SYNOPSIS:  Because the war in Vietnam lacked a defined front line, the enemy strategy made Long Range Reconnaissance Patrols (LRRP) a needed tool to gather intelligence about communist activities throughout Southeast Asia. The ground commanders who fought the day to day war readily recognized the need for special reconnaissance units at the onset of the fighting. During 1965 provisional LRRP units were formed with all assets they could spare.

On 18 August 1966, with nine months of service in Vietnam, LCpl. Edward Rykoskey was considered to be a well-trained and experienced "old hand." On that date he was assigned as the radio operator of a 4-man long range reconnaissance patrol. The team's mission was to locate, identify and report on enemy activity in the forested mountains approximately 9 miles due north of An Hoa and 11 miles southwest of DaNang, Quang Nam Province, South Vietnam.

After completing its mission, the team was moving toward a pre-briefed rendezvous point for pickup when they were ambushed by a Viet Cong (VC) force of unknown size. During the ensuing firefight, LCpl. Rykoskey was struck by small arms fire and fell to the ground.

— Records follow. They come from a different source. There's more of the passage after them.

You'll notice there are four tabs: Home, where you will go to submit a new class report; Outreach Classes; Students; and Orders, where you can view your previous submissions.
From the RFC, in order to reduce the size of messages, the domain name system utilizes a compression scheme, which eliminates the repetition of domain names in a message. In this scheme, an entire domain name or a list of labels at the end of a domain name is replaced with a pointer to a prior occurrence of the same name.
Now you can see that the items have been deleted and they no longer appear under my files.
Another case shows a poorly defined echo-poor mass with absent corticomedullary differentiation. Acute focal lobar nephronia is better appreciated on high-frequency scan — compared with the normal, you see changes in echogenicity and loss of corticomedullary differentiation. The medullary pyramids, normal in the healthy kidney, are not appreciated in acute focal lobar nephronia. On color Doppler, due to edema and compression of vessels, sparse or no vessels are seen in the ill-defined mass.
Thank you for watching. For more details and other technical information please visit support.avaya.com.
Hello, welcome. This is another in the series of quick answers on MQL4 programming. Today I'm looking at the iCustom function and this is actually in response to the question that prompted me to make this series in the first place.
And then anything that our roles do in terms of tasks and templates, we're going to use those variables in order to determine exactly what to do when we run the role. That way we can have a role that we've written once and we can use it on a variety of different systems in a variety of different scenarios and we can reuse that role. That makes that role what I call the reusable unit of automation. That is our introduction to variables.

Other team members tried to reach him, but because of the intense enemy fire, they were unable to do so before being forced to withdraw.

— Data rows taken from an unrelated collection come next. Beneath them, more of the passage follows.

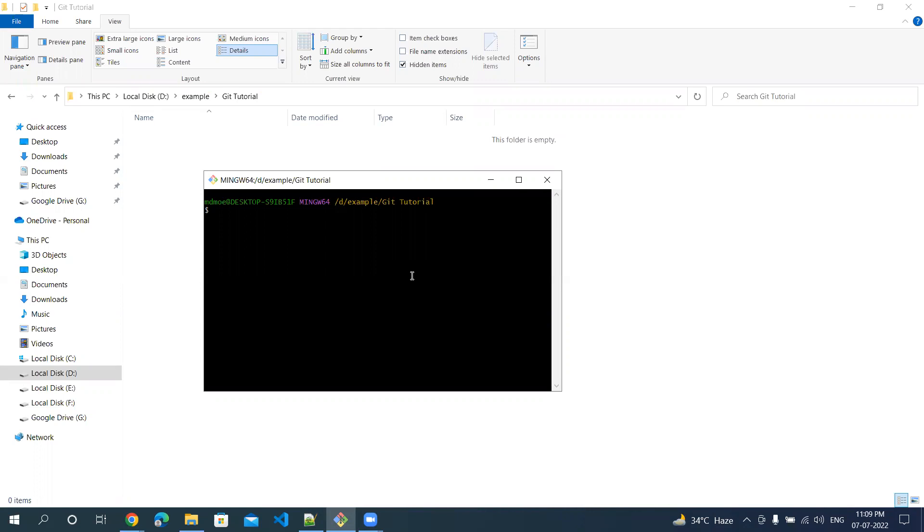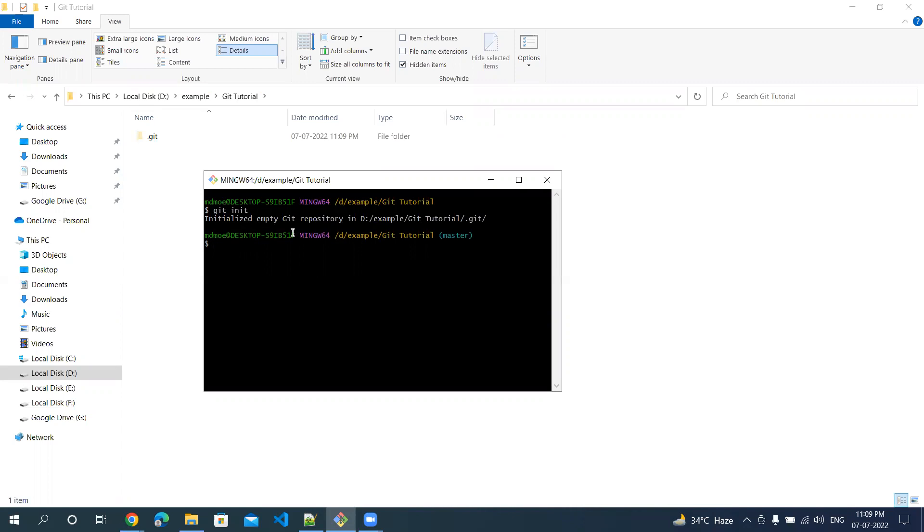There is a very simple command: git init. When you hit enter, it will say initialized empty git repository in this particular directory.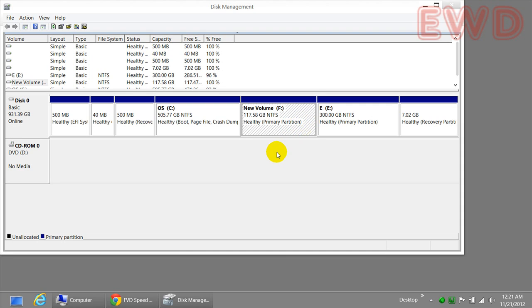Before you do this, as a warning, just make sure that you backup all the files on your drive or else you're going to be losing it. Once you delete the drive, all the files are gone, so make sure that you get a backup copy of it.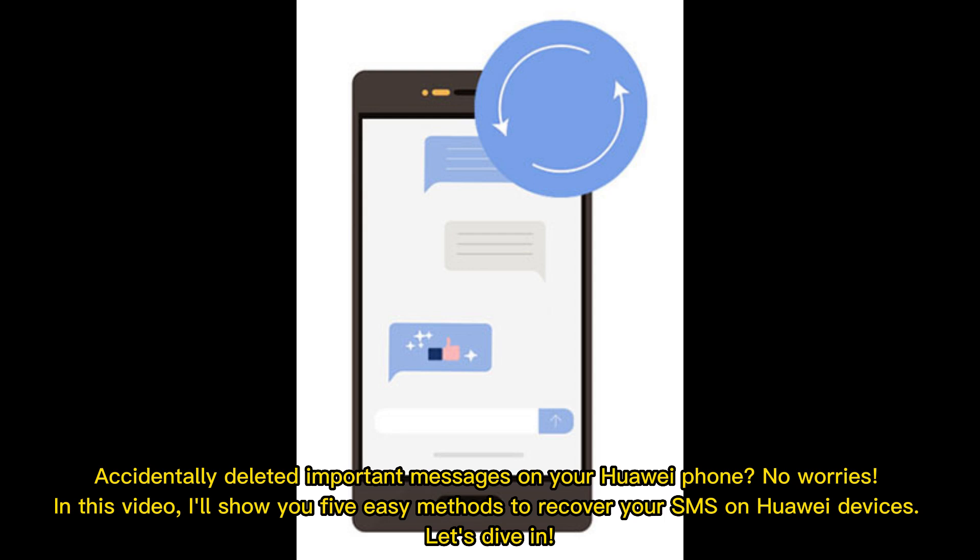Accidentally deleted important messages on your Huawei phone? No worries. In this video, we'll show you 5 easy methods to recover your SMS on Huawei devices. Let's dive in.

The three remaining team members successfully escaped and evaded to a safe location where they were extracted by helicopter. Later they reported that when they were forced to retreat, Edward Rykoskey had been wounded and was either unconscious or dead. Further, they were unable to determine the extent or location of his wounds.

Search and rescue (SAR) efforts commenced immediately for the LCpl. Rykoskey. They continued for approximately four days, but were unable to find any trace of the missing radio operator or his equipment in and around the ambush site. At the time the formal SAR was terminated, Edward Rykoskey was immediately classified Killed in Action/Body Not Recovered. Shortly thereafter, his status was changed to Missing in Action. Then it was changed again, within a reasonably short period of time, back to Killed in Action/Body Not Recovered. All of these changes were made without explanation.

Whether Edward Rykoskey was alive and captured by the Viet Cong, or died in their hands in the jungle-covered countryside of South Vietnam is not known. If he did die of his wounds, he has a right to have his remains returned to his family and friends. However, if he survived, his fate like other Americans who remain unaccounted for in Southeast Asia, could be quite different. Either way what is known for certain is that the communists know what happened to him and could return him or his remains any time they had the desire to.

Since the end of the Vietnam War well over 21,000 reports of American prisoners, missing and otherwise unaccounted for have been received by our government. Many of these reports document LIVE America Prisoners of War remaining captive throughout Southeast Asia TODAY.

Military men in Vietnam were called upon to fight in many dangerous circumstances, and they were prepared to be wounded, killed or captured. It probably never occurred to them that they could be abandoned by the country they so proudly served.